EXERCISE:
To complete this task, print all the data below exactly but leave out the images.

RECORDED INFORMATION:
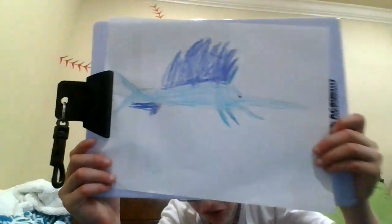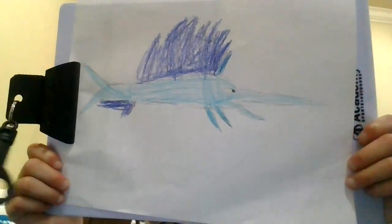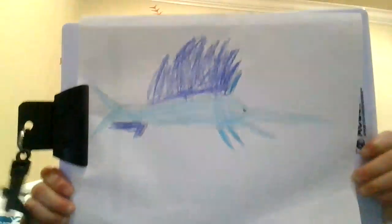Here is our sailfish. I will see y'all next time on Jacques D. Bye.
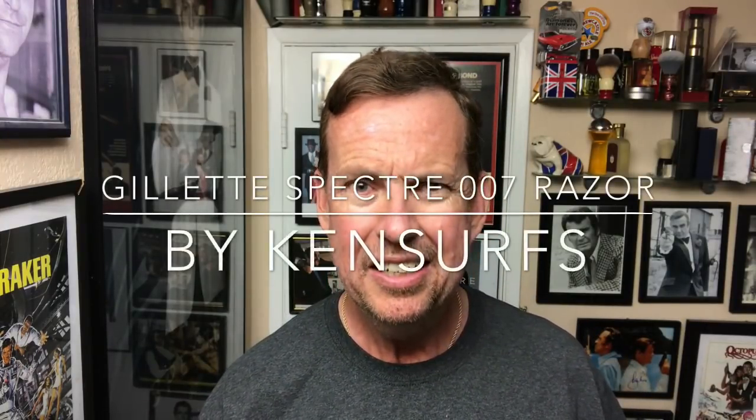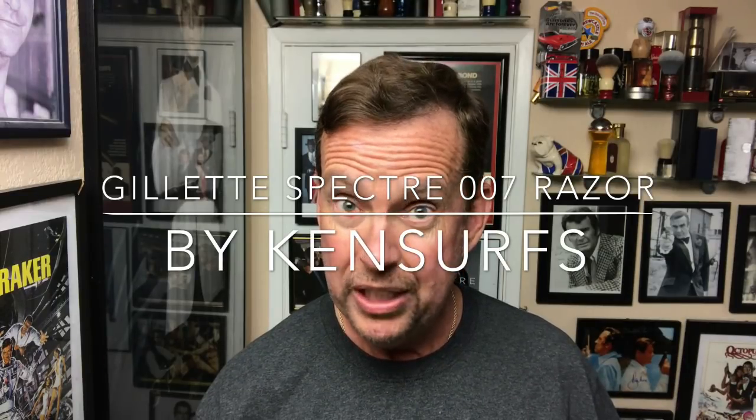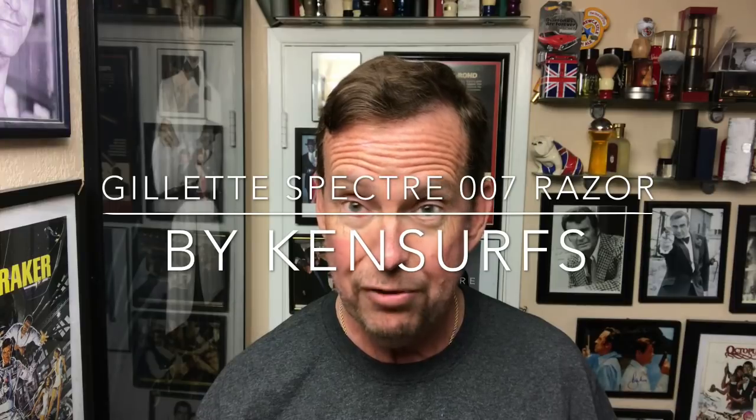Ken Sirs here. Another shave video and it's Sunday. I was thinking, what type of shave shall I do today? I've been reading the comments and there's been several questions that have repeated themselves. I thought maybe I can get a lot of those questions answered today, and a lot of those requests answered today.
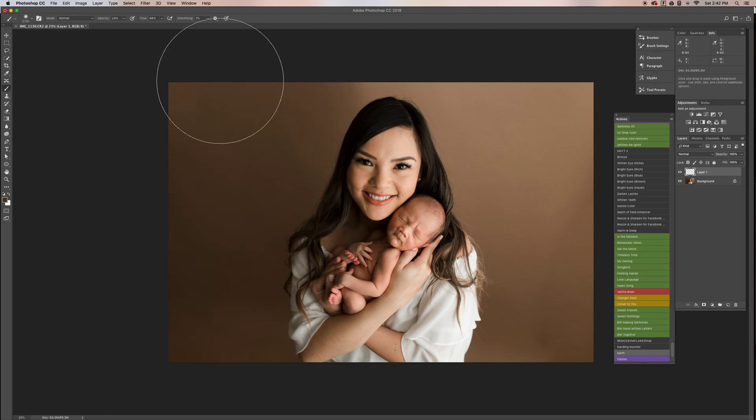Then you just brush it on this side. It's okay if you get on her because we're going to take it off in just a second. Then you want to do the same thing over here on this side, select a happy medium, and blend it all.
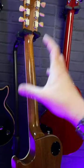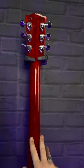It's a 50s rounded profile on the 50s, which is slightly chunkier than the slim taper found on the 60s Les Paul Standard.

TASK RESULT:
Here is our sailfish. I will see y'all next time on Jacques D. Bye.
Ken Sirs here. Another shave video and it's Sunday. I was thinking, what type of shave shall I do today? I've been reading the comments and there's been several questions that have repeated themselves. I thought maybe I can get a lot of those questions answered today, and a lot of those requests answered today.
Then you just brush it on this side. It's okay if you get on her because we're going to take it off in just a second. Then you want to do the same thing over here on this side, select a happy medium, and blend it all.
It's a 50s rounded profile on the 50s, which is slightly chunkier than the slim taper found on the 60s Les Paul Standard.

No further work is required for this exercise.